Matt: Why did they think she was harsh?
Arnold: Oh, just about discipline, you know, if you got it out then put it away; that was somebody’s, so don’t break it, practical things like that; she ran a good ship.
Matt: This was before she met her future husband, Louis Perkins.
Arnold: Yeah, and I don’t know about that connection, but you see Louis was a priest at Baker City for a while, you know, while she was in the diocese.
Matt: She was here much longer that Louis, we have many great photos of her at Ascension during Bishop Remington’s tenure. She married Louis in 1959.
Arnold: That was while I was at college. A fellow by the name of Parrot, who a was a priest at Baker City. He was priest at St. Paul’s Walla Walla and married us, so that again, just some people connection back to the diocese.
Matt: Do you remember ever meeting Rusty Kimsey at camp?
Arnold: Oh yes, I particularly remember meeting Rustin. I was so impressed…he was one or two years ahead of me, I lost track. He was the first kid I was around in this setting that had his own baseball glove, I was just in awe, and we played a lot of baseball and softball on campus. You see, our connection was here, and our connection was also because we were served by the same priest in Hermiston and Milton Freewater, and so we had a lot of connections. A name I mentioned earlier, Larvie, was in Hermiston around the same time. The other name I gave you, Chuck and Doreen Miller. Doreen was a year younger than me. The same period of time and all connected all through Ascension and through our individual parish activities.
Matt: What type of activities were you involved in?
Arnold: There was an active youth structure amongst our diocese with several deaneries; that was a lot of travel and a lot of miles, and so again, there were no distractions on the weekends, you couldn’t stay home and watch baseball on the television, or football, school’s run much less programmatic stuff, so we had time to make decisions. We would go to Heppner or Hermiston within our deanery to do weekend activities, maybe stay overnight at people’s houses, and whether it was acolyte practice or discussion; when you were high school age, it became discussions of current issues. There were priests assigned responsibilities for youth ministries in the diocese, so there were more odds and ends. Youth convention paralleled with the regular convention, and there’s a picture somewhere in the archives of a whole bunch of us on the steps of St. Peter’s Church, Rustin and I, Chuck Miller, and whoever else were officers in that structure. The diocese was divided into deaneries, so when we had convention someone came from Klamath, someone from Bend.
Matt: That is very interesting, when did Canon 9 come into play? Also, you mentioned Rusty, what was it like growing up with him?
Arnold: I believe it was in the early sixties. He (Rusty) came up in a very traditional fashion, decided as a young man to become a priest, went to Oregon got a degree, and then to seminary; Bucky Larvie the same. But, by nature, Rustin and those others from that time, you know, because of the time and who they were, became more ecumenical in their view, became more Canon 9. In fact, Canon 9 wasn’t something that people like Rusty decided to support, it fit with who they were. There were a number of others in the diocese who stepped up to be, which reminds me of another one, have you spent any time with Larry Ferguson? Larry can you give you names in terms of clergy.
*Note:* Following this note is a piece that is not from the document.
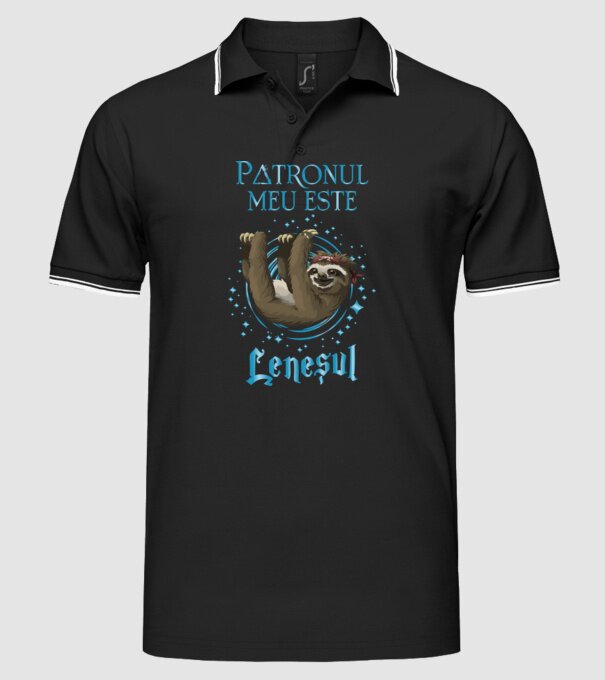 Patronul meu este LENEȘUL model negru pe tricou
Matt: Of course, and Larry and Rusty were ordained at the same time.
Arnold: That’s’ right.
Matt: You know, it’s interesting, going back to this theme of the local, home-grown priests and laypeople returning to Eastern Oregon from somewhere else to make a home, a life here.
Arnold: Well, I think that one of the things that took place at Ascension and across our diocese; the common ground was always Ascension. There was some openness to ecumenical movements, an openness to raising people up, an openness to being flexible, that’s how society survives through the generations in Eastern Oregon, that was part of who we were. Solving problems, wearing so many hats, when you’re so many miles apart, that just becomes who you are.
Matt: Of course, this was a time when communication was drastically different. I could only imagine what it was like growing up at Ascension and having friends that you would see in Cove and sporadically throughout the year.
Arnold: The strength was in the deanery youth thing. You began to participate at the junior high level, seventh or eighth grade through high school. It was an opportunity to reinforce that friendship, and allow for more growth in the relationships that started here at Ascension. It was a springboard for many other things.
Matt: What did Ascension mean to you as you progressed into adulthood, what did it teach you?
Arnold: Well, I think that it what it did for me was add to any momentum I might have had through family, back then church was just what you did. My experiences at Cove just expanded that, supplemented all of that energy and gave me more of a perspective of what church life could be for me. It wasn’t just the people I saw every Sunday at St. James, it became about the greater world. Through the years I would see kids at athletic events in high school, and the connection was Ascension, not the school or athletic events, or debates, or whatever it was. It gave you a connectivity across a lot of miles. I don’t care whether it’s public education or the church, relationships is what it’s all about, and every one you foster reinforces the next one.
That concludes Part One, stay tuned for Part Two of my interview with Arnold Coe.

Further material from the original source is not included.